We got some give back. The SPX still is trading within the pattern in black. This pattern still could "morph" (change) into a Bull Flag if the SPX makes a "lower low" than the low at Data Point #2, which was the May 15 low of 878.94, or it simply could fail altogether.

Let's say that the pattern fails, and that the SPX goes down to the bottom of the Kumo (the vertical lines), which currently is at 771.21, or even back to 741 November low. That would be about a 20% haircut off the SPX 930 high. And, let's say that the general market sells off a similar amount. Where would that put bullish stocks, like POT?

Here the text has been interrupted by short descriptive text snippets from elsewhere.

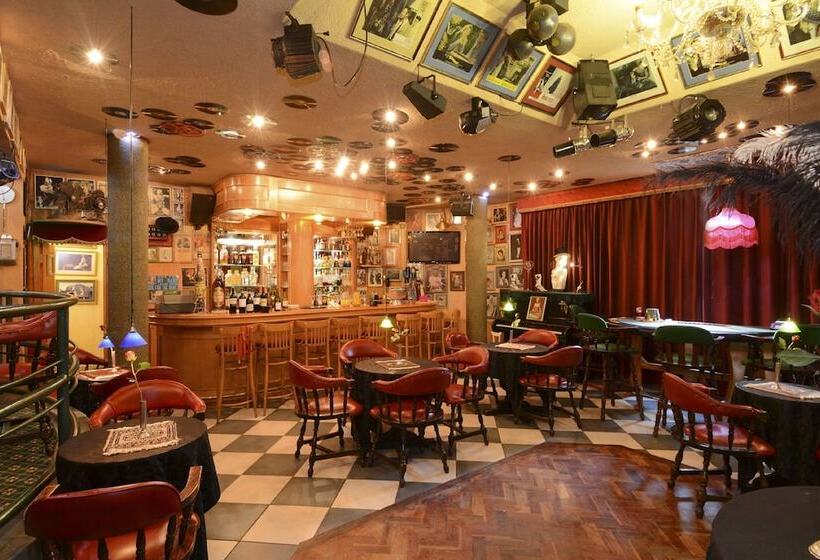 膳宿费 Villa Simonne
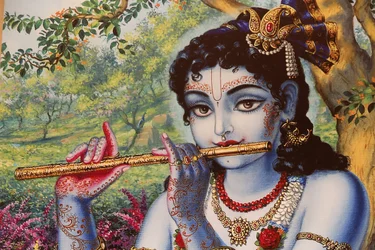 Schilderij van de hindoegod Krishna die buiten fluit speelt, India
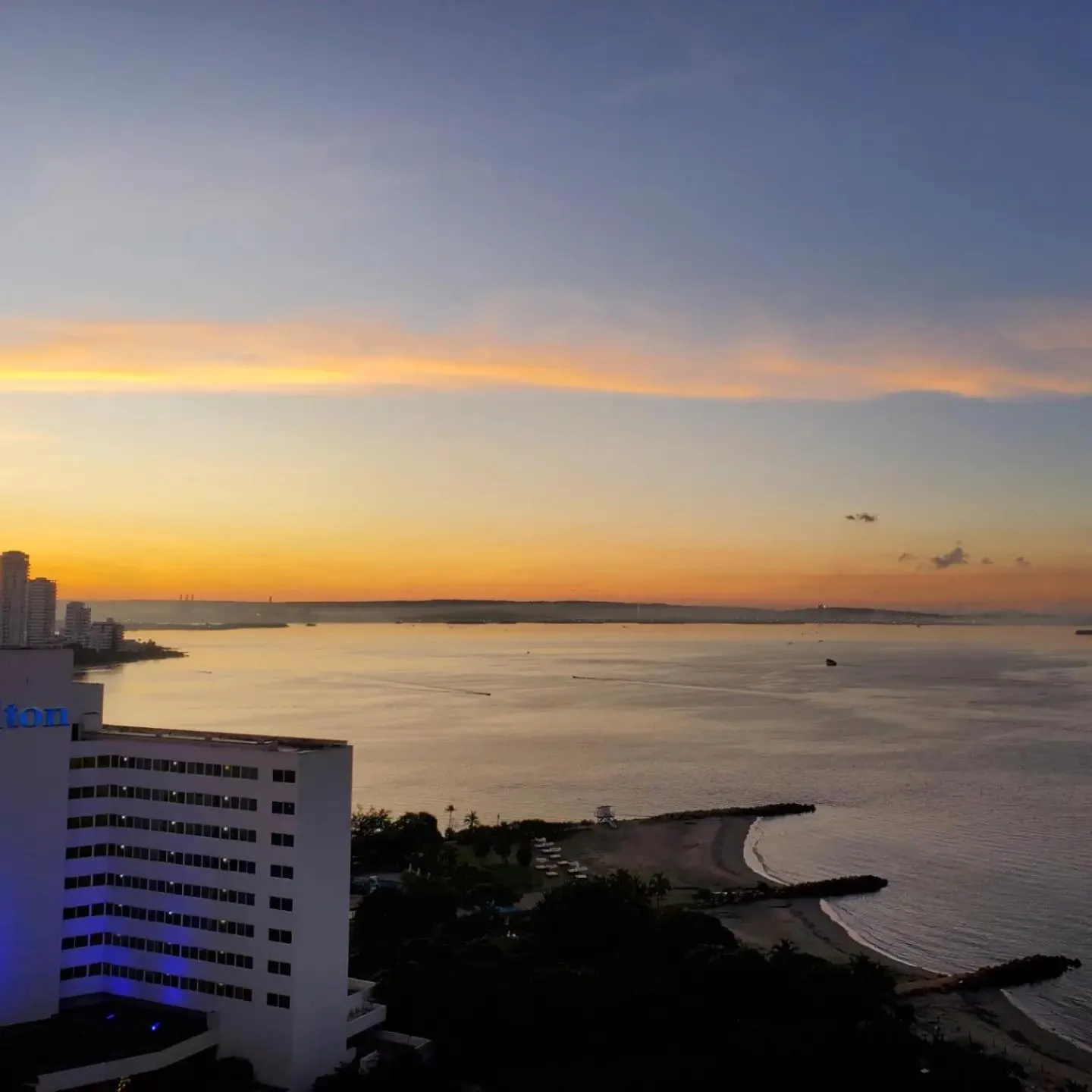 Apartamento con VISTA AL MAR, A una cuadra de la PLAYA. Piso 16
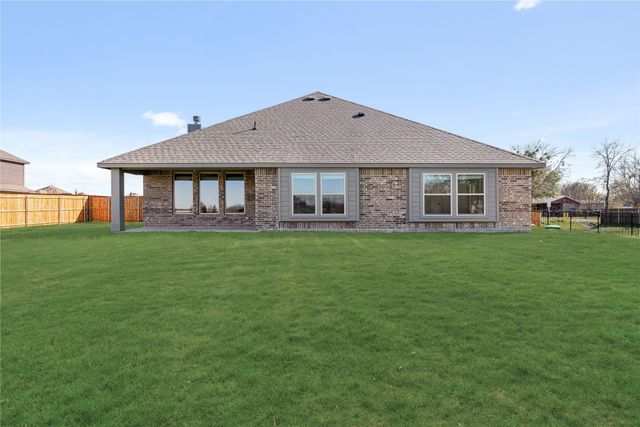 307 Spring Circle, Red Oak, TX 75154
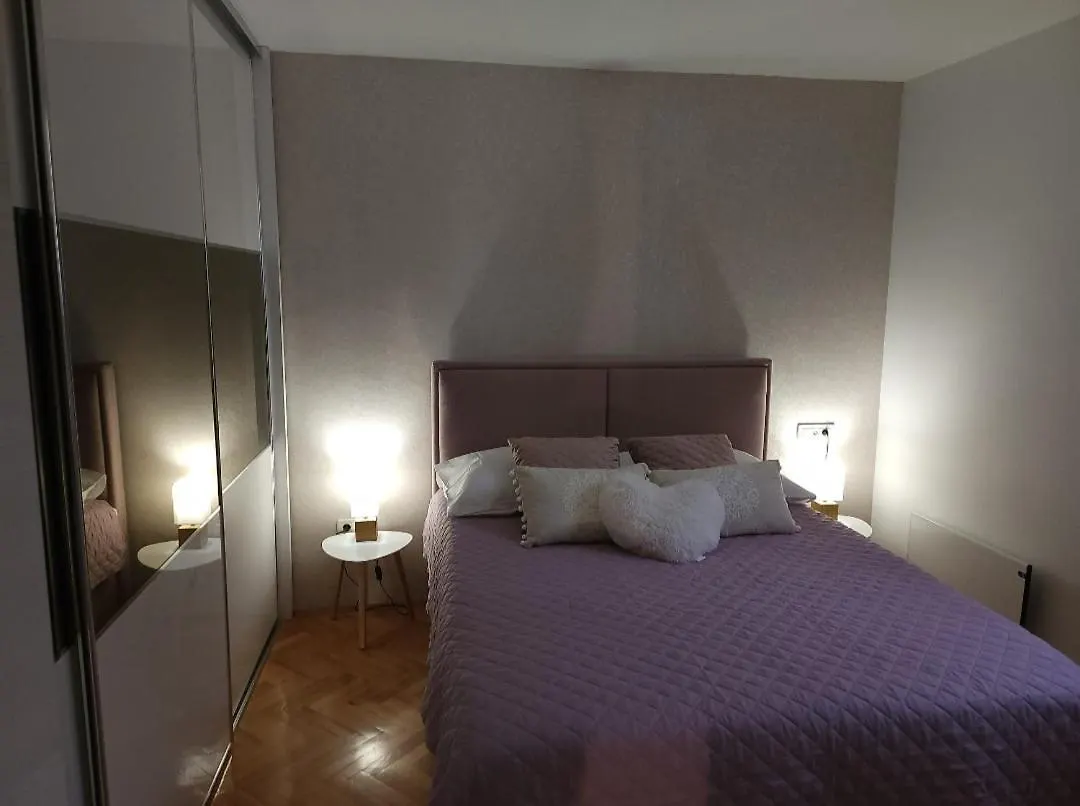 Luxury Apartment Aurora - Cod 0409 Οπατία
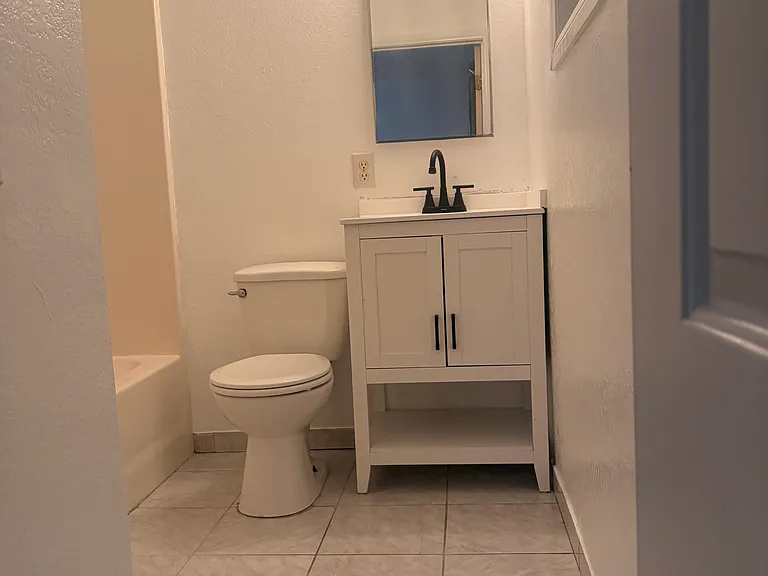 208 S Thorson Ave — Photo 5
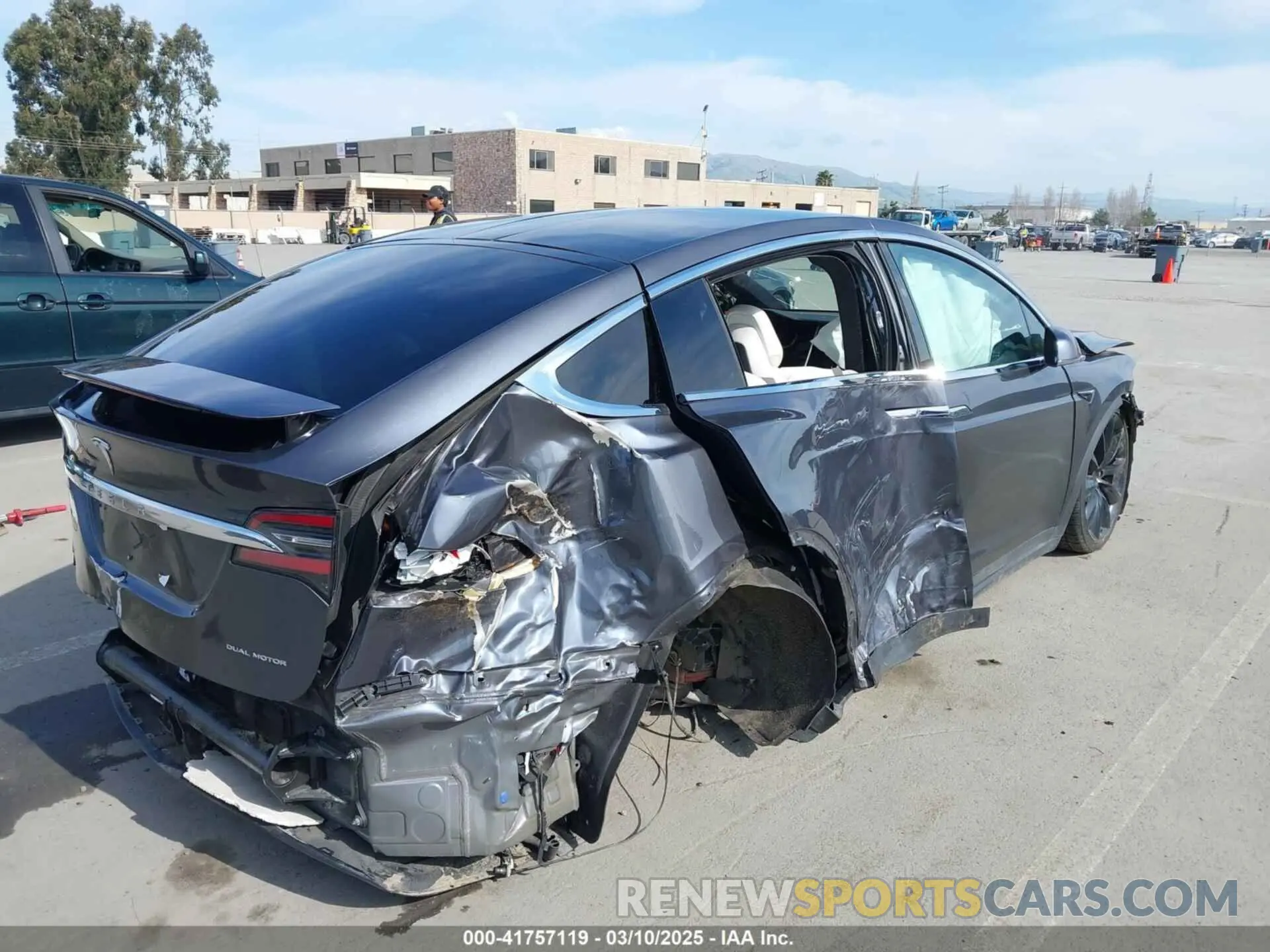 6 fotografías del automóvil dañado 5YJXCBE23KF183801 TESLA MODEL X 2019
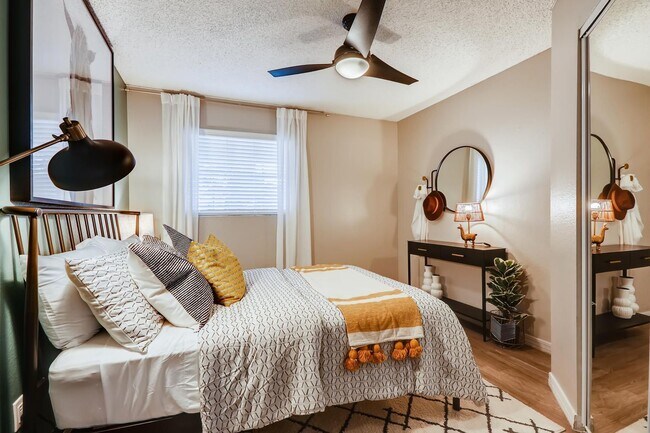 Chazal Scottsdale apartments — community photo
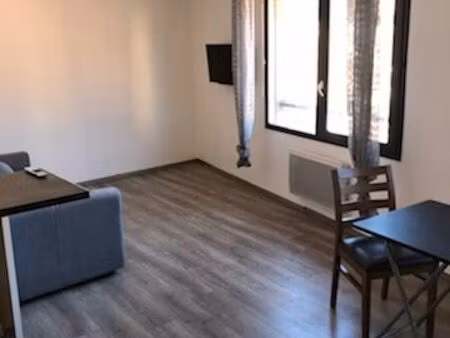 studio 28m2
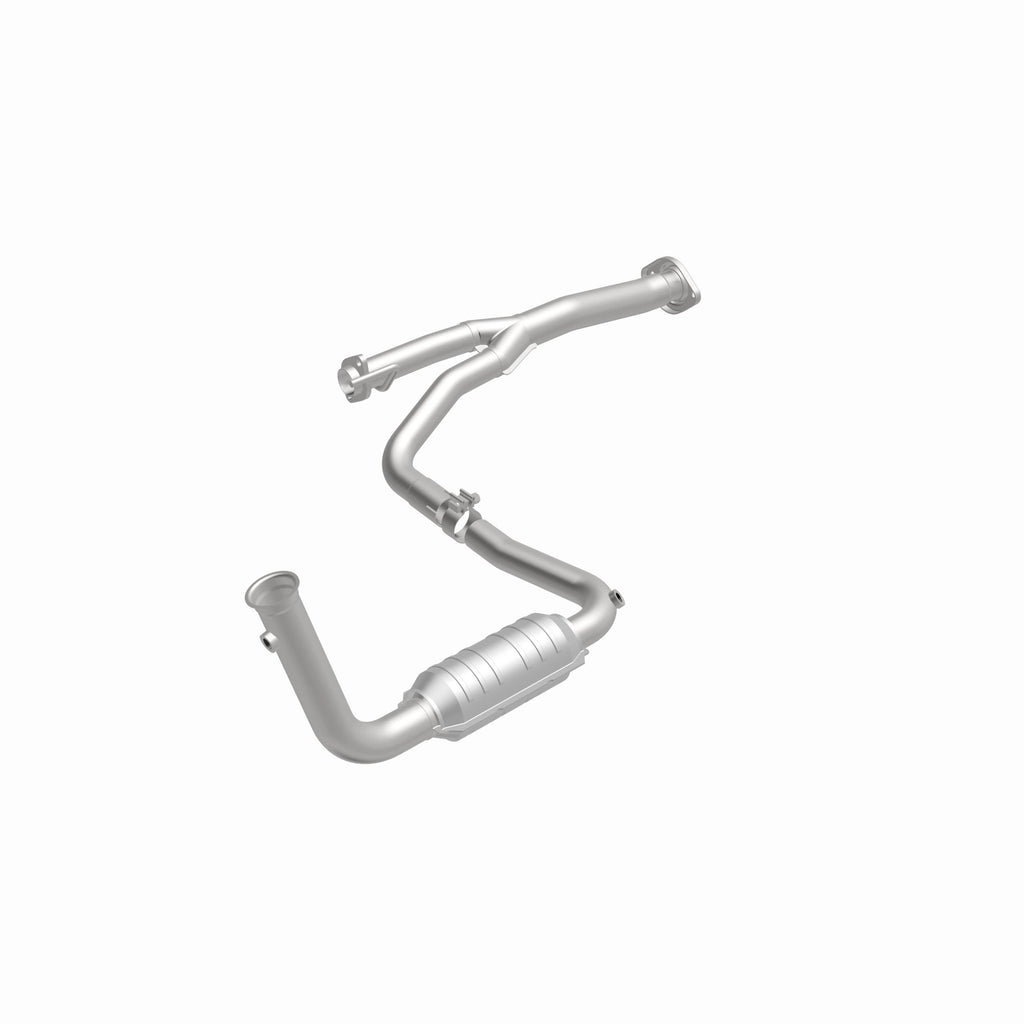 MagnaFlow Exhaust Products 49582 OEM Grade Direct-Fit Catalytic Converter for Select Jeep Liberty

A 20% haircut for POT would put it back at the top of the channel (horizontal green line). As long as that would hold, the two targets in the low 120's still are IN PLAY.

POT has had a big move, so a consolidation of those gains while forming a bullish continuation pattern would be healthy. I drew a Bull Flag (pattern in blue) as an example.

3 comments:

Jegejig said...

Melf,

Just wondering if I did this calculation correctly.

873.37 target for SPX D?

http://jegejigs.blogspot.com/

Melf Elf said...

Good Morning, Jeg,

Yes, you did a good job. That would be a Bull Flag if we should get it, and it would be deceptive because it would violate the 875-877 neckline of the Inverse H&S.

Jegejig said...

Melf,

Thanks.

It's always nice to hear from you.

I agree. The 873.37 target is deceiving since it violates the 875.63 swing high.

However, this could also be viewed as a volatility expansion of the bull flag.

SKF looks like it has a bear flag.

Also, still watching that VIX dead cross too.